BEGIN Information provided

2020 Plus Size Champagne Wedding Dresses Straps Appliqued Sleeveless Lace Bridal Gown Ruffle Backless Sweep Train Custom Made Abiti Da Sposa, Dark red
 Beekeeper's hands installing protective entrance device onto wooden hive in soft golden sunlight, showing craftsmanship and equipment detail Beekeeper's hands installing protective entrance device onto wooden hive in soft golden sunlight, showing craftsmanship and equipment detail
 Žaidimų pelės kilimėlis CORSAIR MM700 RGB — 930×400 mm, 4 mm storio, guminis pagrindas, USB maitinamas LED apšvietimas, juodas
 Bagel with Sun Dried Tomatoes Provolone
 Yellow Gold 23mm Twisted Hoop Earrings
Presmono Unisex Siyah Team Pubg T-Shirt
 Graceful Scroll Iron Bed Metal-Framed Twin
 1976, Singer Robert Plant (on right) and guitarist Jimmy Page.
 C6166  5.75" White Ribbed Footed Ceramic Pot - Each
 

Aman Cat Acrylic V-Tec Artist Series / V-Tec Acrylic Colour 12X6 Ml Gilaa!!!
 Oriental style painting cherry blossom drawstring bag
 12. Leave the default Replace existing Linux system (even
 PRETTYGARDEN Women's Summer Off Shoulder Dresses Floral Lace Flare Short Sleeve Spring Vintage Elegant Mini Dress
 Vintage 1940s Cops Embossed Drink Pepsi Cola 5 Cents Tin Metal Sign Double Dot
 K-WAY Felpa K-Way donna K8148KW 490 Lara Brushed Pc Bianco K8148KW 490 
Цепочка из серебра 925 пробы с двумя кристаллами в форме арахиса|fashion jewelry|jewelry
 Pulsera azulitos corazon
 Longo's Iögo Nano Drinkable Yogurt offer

END Information provided

The data, all of it, should be transcribed exactly.

2020 Plus Size Champagne Wedding Dresses Straps Appliqued Sleeveless Lace Bridal Gown Ruffle Backless Sweep Train Custom Made Abiti Da Sposa, Dark red
 Beekeeper's hands installing protective entrance device onto wooden hive in soft golden sunlight, showing craftsmanship and equipment detail Beekeeper's hands installing protective entrance device onto wooden hive in soft golden sunlight, showing craftsmanship and equipment detail
 Žaidimų pelės kilimėlis CORSAIR MM700 RGB — 930×400 mm, 4 mm storio, guminis pagrindas, USB maitinamas LED apšvietimas, juodas
 Bagel with Sun Dried Tomatoes Provolone
 Yellow Gold 23mm Twisted Hoop Earrings
Presmono Unisex Siyah Team Pubg T-Shirt
 Graceful Scroll Iron Bed Metal-Framed Twin
 1976, Singer Robert Plant (on right) and guitarist Jimmy Page.
 C6166  5.75" White Ribbed Footed Ceramic Pot - Each
 

Aman Cat Acrylic V-Tec Artist Series / V-Tec Acrylic Colour 12X6 Ml Gilaa!!!
 Oriental style painting cherry blossom drawstring bag
 12. Leave the default Replace existing Linux system (even
 PRETTYGARDEN Women's Summer Off Shoulder Dresses Floral Lace Flare Short Sleeve Spring Vintage Elegant Mini Dress
 Vintage 1940s Cops Embossed Drink Pepsi Cola 5 Cents Tin Metal Sign Double Dot
 K-WAY Felpa K-Way donna K8148KW 490 Lara Brushed Pc Bianco K8148KW 490 
Цепочка из серебра 925 пробы с двумя кристаллами в форме арахиса|fashion jewelry|jewelry
 Pulsera azulitos corazon
 Longo's Iögo Nano Drinkable Yogurt offer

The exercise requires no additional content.